Engyon (Ancient Greek: Ἒγγυον; Engium; Ἐγγύον in some Byzantine texts of Ptolemy and Plutarch) is an ancient town of the interior of Magna Graecia in Sicily, a Cretan colony, according to Diodorus Siculus and famous for an ancient temple of the Magna Mater (Mother Rhea) imported from Crete, which aroused the greed of Verres. It took its name from a spring that arose in the land chosen by the colonists, as explained in the following excerpt from Diodorus:

οὐ μὴν ἀλλ᾽ οἱ κατὰ τὴν Σικελίαν Κρῆτες μετὰ τὴν Μίνωος τελευτὴν ἐστασίασαν διὰ τὴν ἀναρχίαν, τῶν δὲ νεῶν ὑπὸ τῶν περὶ τὸν Κώκαλον Σικανῶν ἐμπυρισθεισῶν τὴν μὲν εἰς τὰς πατρίδας ἐπάνοδον ἀπέγνωσαν, κρίναντες δ᾽ ἐν τῇ Σικελίᾳ κατοικεῖν, οἱ μὲν ἐνταῦθα πόλιν ᾤκισαν ἣν ἀπὸ τοῦ βασιλέως αὐτῶν Μινῴαν ὠνόμασαν, οἱ δὲ διὰ τῆς μεσογείου πλανηθέντες καὶ καταλαβόμενοι χωρίον ὀχυρὸν ἔκτισαν πόλιν ἣν ἀπὸ τῆς ἐν τῇ πόλει ῥεούσης πηγῆς ὠνόμασαν Ἔγγυον.
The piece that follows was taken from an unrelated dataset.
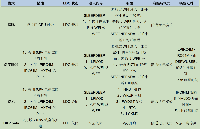 【<b class='flag-5'>GD32H757Z</b><b class='flag-5'>海棠</b><b class='flag-5'>派</b><b class='flag-5'>开发板</b><b class='flag-5'>使用手册</b>】第五<b class='flag-5'>讲</b> PMU-低功耗<b class='flag-5'>实验</b>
However, the Cretans of Sicily, after the death of Minos, fell into factious strife, since they had no ruler, and, since their ships had been burned by the Sicani serving under Cocalus, they gave up any hope they had of returning to their native land; and deciding to make their home in Sicily, a part of them established on that island a city to which they gave the name Minoa after their king, and others, after wandering about through the interior of the island, seized a place which was naturally strong and founded a city to which they gave the name Engyum, after the spring which flowed forth within the city.

Timoleon attacked the city, while the tyrant Leptines (Ancient Greek: Λεπτίνης) was the ruler. After he defeated the Leptines, he restored its autonomy.

Its site is uncertain; some topographers have identified it with Gangi, a town 30 km SSE of Cefalù, but only on the ground of the similarity of the two names. Others identify it with Troina.